From these relationships, what can be said about the relative ages of the two rock types? Which is the older, or first formed? Which is the last formed? If you study the above relationships for a minute or so, it will become obvious that the layered rock had to be formed prior to the emplacement of the granite. Some of the minerals now seen in the layered or banded metamorphic rocks were formed at the time of granite intrusion, but the basic “stuff” or partially metamorphosed sedimentary rock was present before the granite entered the area from beneath. So, the 13 knowledge of the two rock types present and an understanding of their relationship to one another tells us a story of at least two events which occurred in the park area hundreds of millions of years ago.

Figure 12. Outcrop on south Lookout, summit of Burke Mountain. Distorted layers of Gile Mountain metamorphic rock. Lath-like crystals developed along some of these layers during the second period of metamorphism, that is, when the granite invaded the metamorphic rocks. For scale, the hammer handle is about one foot long.

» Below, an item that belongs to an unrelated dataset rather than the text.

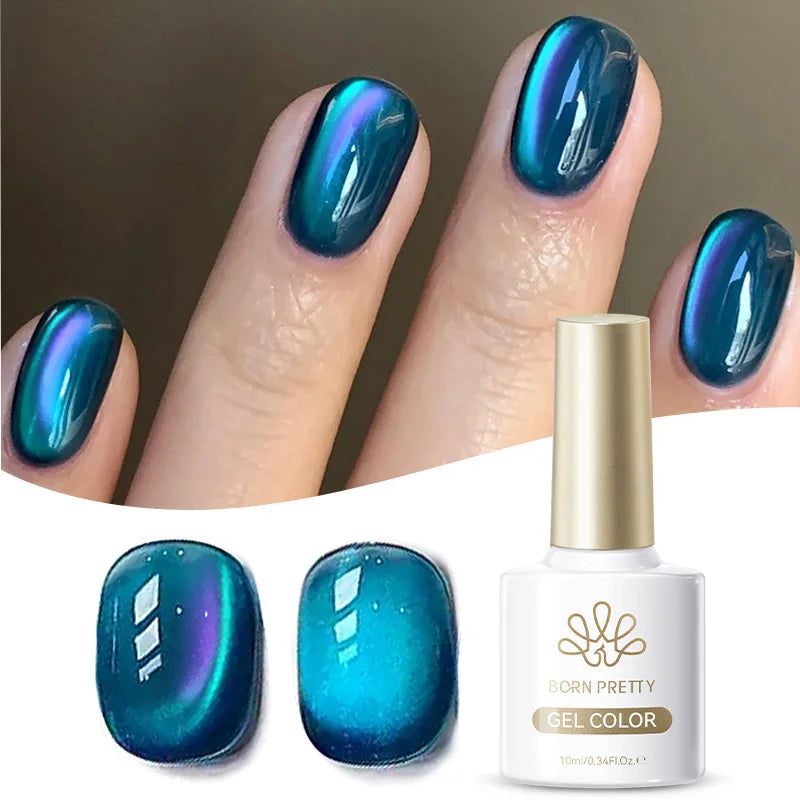 BORN PRETTY 117 Colors Cat Magnetic Gel Nail Polish 10ml Full Coverage Varnish Semi Permanent Super Gorgeous Nails Manicure 51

Can we find other facts in these rocks which might add to the above-mentioned events? The answer to this question is, yes! The types of minerals found in the metamorphic rocks coupled with the inherited layered structure so common in these rocks, tells us that they were once sedimentary rocks. There is other evidence which indicates that these sedimentary rocks were slightly metamorphosed and folded prior to the invasion of the granite. Added information indicates that these same rocks were subjected to increasing temperatures with the invasion of the granite and another metamorphic mineral change took place. Thus far, the rocks have told us about four distinct events; the deposition and hardening of the Gile Mountain Formation of sedimentary rocks, the first period of wide-spread metamorphism, accompanied by broad folding, the invasion of the granite, and a second phase of metamorphism 14 with the increased temperatures produced by this invasion (see cross-sections illustrating the geologic history of the park area, Fig. 17).

Figure 13. Photograph of the outcrop beneath the observation tower, summit of Burke Mountain. Note the heterogeneous appearance of the granite-infiltrated metamorphic rock. Here the metamorphic rock approaches granite itself in composition and if the process had progressed a bit more, it would be said to be granitized rock. Large lath-like crystals are very prominent in the rocks of this outcrop.

The four events which are mentioned in the preceding paragraph took place hundreds of millions of years ago. What has happened in the park since these events? Take a look at Figure 15, which was taken along the road to the summit of Burke Mountain (coming down from the summit, this outcrop is located on your right, midway between the second and third turns in the road). Here the granite exhibits linear scratches or striations which trend about 40 degrees east of south (general direction in which the hammer handle points). Again, just down the road from the midway picnic and camping area, and on your right, striations can be seen. Here they trend about 45 degrees east of south or approximately in the same direction as the first series of striations mentioned. These scratches or striations occur in many places throughout the park, and in most cases their orientation is about the same. What caused these numerous striations?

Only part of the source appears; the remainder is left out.